Task prompt:
Your output is to hold only the lines from the one showing "OK, so hopefully" through the end of the listing, exactly, with every picture excluded.

════

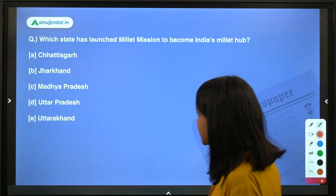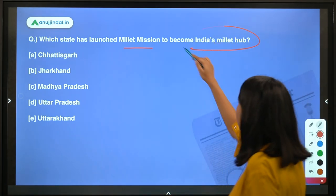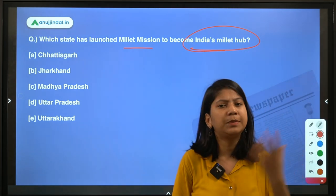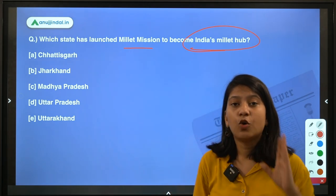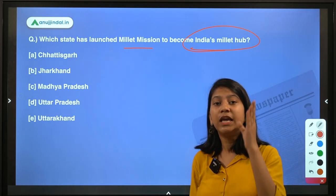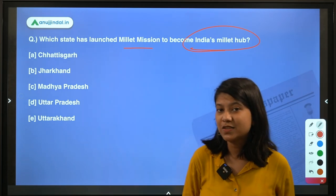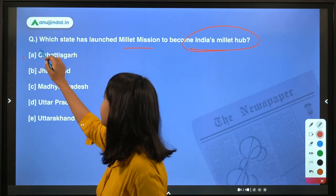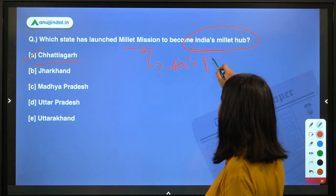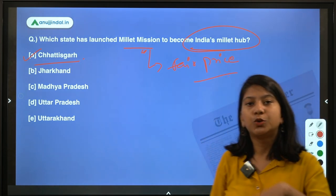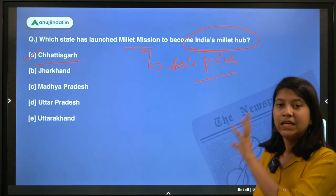Here is our first question: which state has launched the Millet Mission to become India's millet hub? The answer is Chhattisgarh — this is the same state that has also launched related initiatives. Under this Millet Mission, basically a fair price will be offered to the farmers for their millet and cereal crops, and this is the primary objective of this mission.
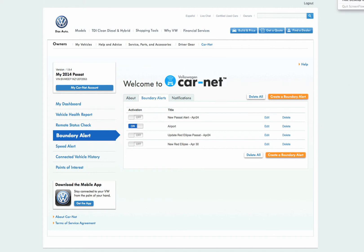You can now activate and deactivate the alert using the Carnet web portal or the Carnet mobile app. The mobile app will be available for the iPhone at launch with Android smartphone support coming soon after.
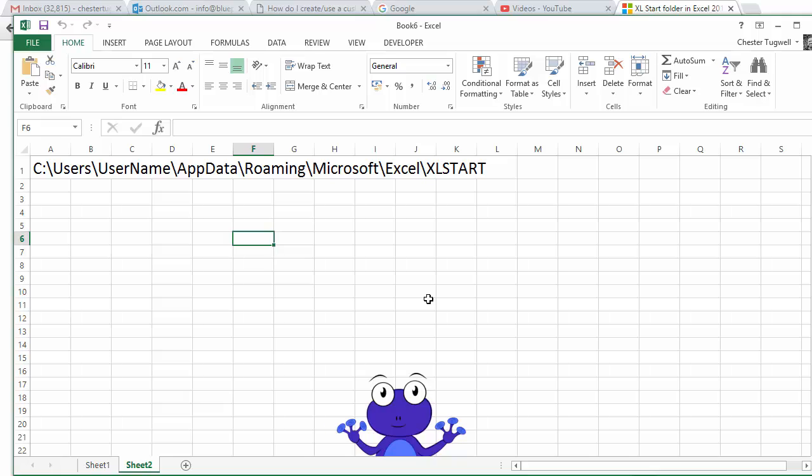OK, so hopefully that's helpful. How to create a default Excel Sheet Template in Microsoft Excel. Thanks very much for listening.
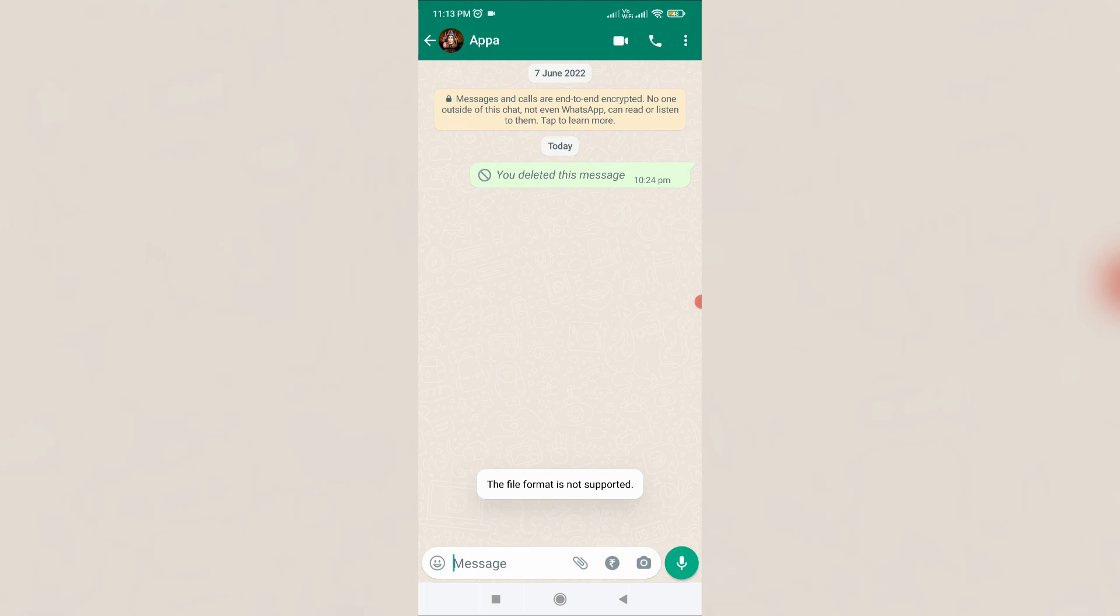Hello guys and welcome back to my YouTube channel Theta Box. Today I got the following error notification while I tried to send a video file in my WhatsApp messenger, and it shows the file format is not supported.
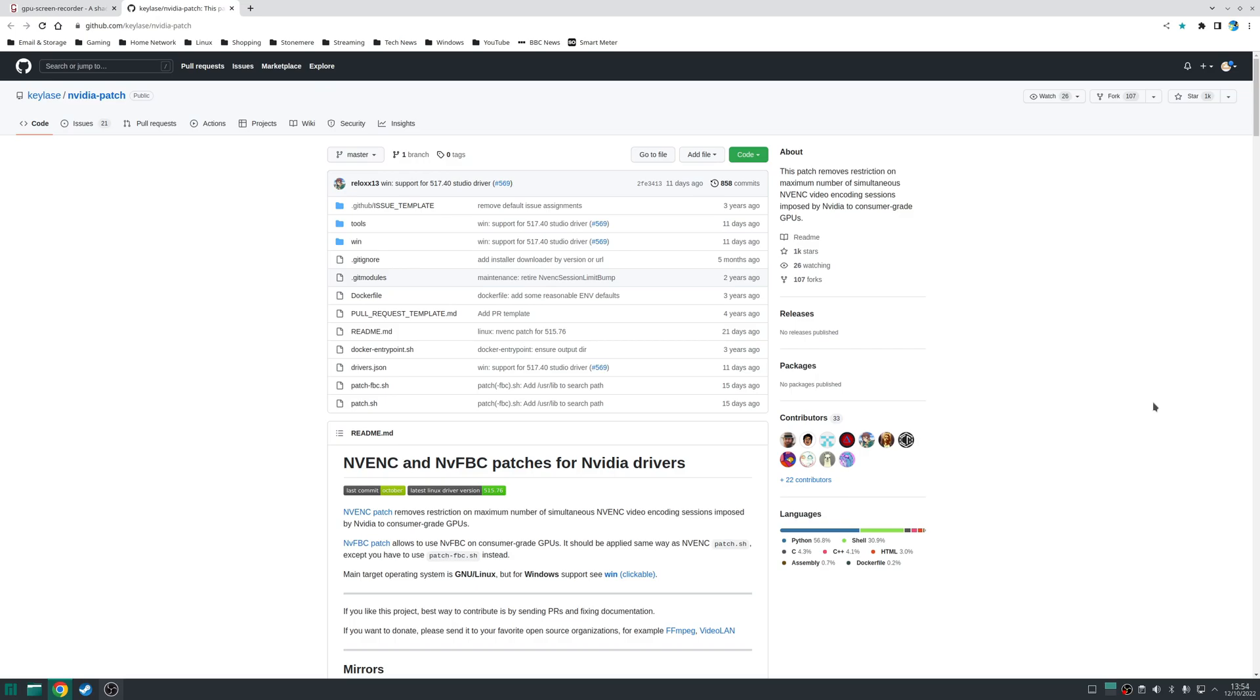Simply visit the NVIDIA patch github page and then click on the big green code button and download the zip archive.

════

Written reply:
OK, so hopefully that's helpful. How to create a default Excel Sheet Template in Microsoft Excel. Thanks very much for listening.
Hello guys and welcome back to my YouTube channel Theta Box. Today I got the following error notification while I tried to send a video file in my WhatsApp messenger, and it shows the file format is not supported.
Simply visit the NVIDIA patch github page and then click on the big green code button and download the zip archive.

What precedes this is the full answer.